Overview
My 33+ year career at The Jackson Laboratory has concentrated on the interaction between genetic and environmental factors that predispose inbred mouse strains to development of both forms of diabetes: autoimmune and non-autoimmune forms of type 1 insulin-dependent diabetes (T1D), and type 2 diabetes, associated with insulin resistance and obesity. I am in the process of closing my active research career but will continue to be involved with diabetes resources development and management at the Laboratory under the aegis of the Type 1 Diabetes Resource (T1DR).

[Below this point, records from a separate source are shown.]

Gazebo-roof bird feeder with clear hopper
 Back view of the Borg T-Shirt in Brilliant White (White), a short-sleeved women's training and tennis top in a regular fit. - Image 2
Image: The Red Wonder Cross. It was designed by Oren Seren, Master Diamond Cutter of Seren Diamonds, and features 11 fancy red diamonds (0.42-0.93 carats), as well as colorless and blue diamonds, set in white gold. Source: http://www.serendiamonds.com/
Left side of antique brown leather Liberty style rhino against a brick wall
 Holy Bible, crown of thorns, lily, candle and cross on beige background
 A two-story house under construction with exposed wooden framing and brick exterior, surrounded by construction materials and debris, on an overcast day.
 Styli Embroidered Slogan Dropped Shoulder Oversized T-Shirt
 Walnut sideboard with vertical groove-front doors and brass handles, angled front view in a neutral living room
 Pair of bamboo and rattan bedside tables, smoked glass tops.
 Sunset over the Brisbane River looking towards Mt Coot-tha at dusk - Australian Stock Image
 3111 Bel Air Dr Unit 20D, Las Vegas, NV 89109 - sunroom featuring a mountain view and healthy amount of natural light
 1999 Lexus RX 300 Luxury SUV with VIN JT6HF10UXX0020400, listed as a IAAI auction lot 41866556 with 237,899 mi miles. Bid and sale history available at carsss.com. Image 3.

The T1DR imports or, as necessary, develops genetically modified stocks of non-obese diabetic (NOD) mice important for diabetes research.
Scientific report
Genetics and Pathogenesis of Diabetes and Inflammatory Bowel Disease in Mice
My 33+ year career at The Jackson Laboratory has concentrated on the interaction between genetic and environmental factors that predispose inbred mouse strains to development of both forms of diabetes: autoimmune and non-autoimmune forms of Type I insulin-dependent diabetes (T1D), and Type 2 diabetes, associated with insulin resistance and obesity. With collaborators, I have also contributed an analysis of the genetic basis for differential inbred strain susceptibility to development of inflammatory bowel disease. At this writing, I am in the process of closing my active research career but will continue to be involved with diabetes resources development and management at the Laboratory. The studies described below done under the aegis of The Type 1 Diabetes Resource at The Jackson Laboratory emphasize the importance of thoroughly characterizing genetically manipulated mouse models used in diabetes research.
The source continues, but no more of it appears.